Lea began speaking about disability issues in 2015. Lately, she focuses on being a musician with special needs and recently gave a Tedx Talk and a Google Talk. She strives to not perform at venues that aren’t wheelchair accessible for audience members.
A bit of humor helps. In a conversation with a disability-rights activist, the topic pivoted to violin virtuoso Itzhak Perlman (who since recovering from polio at age four uses crutches or an electric scooter) and the topic of playing only at accessible venues. “I was like, ‘Yeah I kind of want to do that,’” Lea recalls herself saying. The activist’s response was eye-opening. “She was like, ‘No, you’re too early in your career.’” Lea realized it was true; she would eliminate about 80 percent of her gigs. Her next statement drips with droll humility and cutting sarcasm. “Right, once I’m finally Itzhak I can have accessible spaces!”

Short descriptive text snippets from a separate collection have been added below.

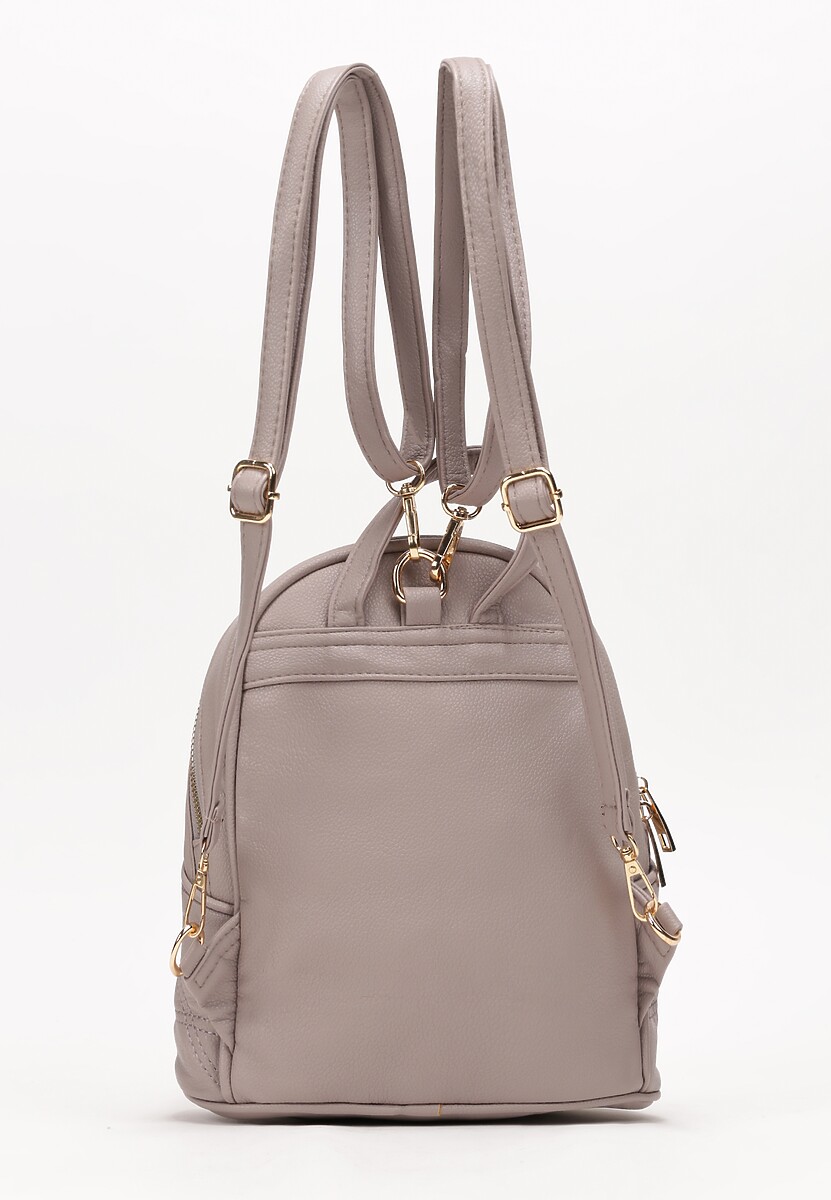 Szary Mały Plecak Miejski z Pikowaniem Skeralla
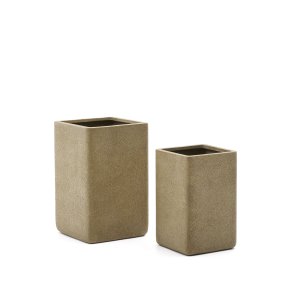 KAVE HOME St med 2 Minoa hje plantekasser med sennepsstenseffekt 44 x 44 cm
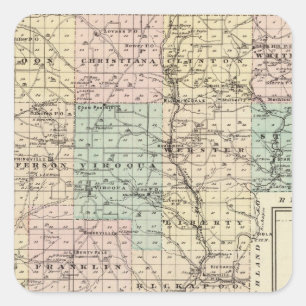 Karte von Vernon Landkreis, Arcadia und Viroqua Quadratischer Aufkleber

Creative thinking also helps. Upon recently finding that an already booked venue wasn’t accessible, Lea suggested moving it to a nearby church. “Most churches are accessible,” Lea says. Her tip for players with disabilities: Opt for churches, community centers, schools, colleges, and other government-owned public spaces.
While hoping for change for disability access, Lea also looks ahead to new projects. She has two singles coming out in November, and there’s a Go Fund Me campaign tosupport a full album, featuring a band, in 2018. It seems Lea shows no signs of stopping. “You never know what to expect so I try not to guess so much about what the next adventure will be!”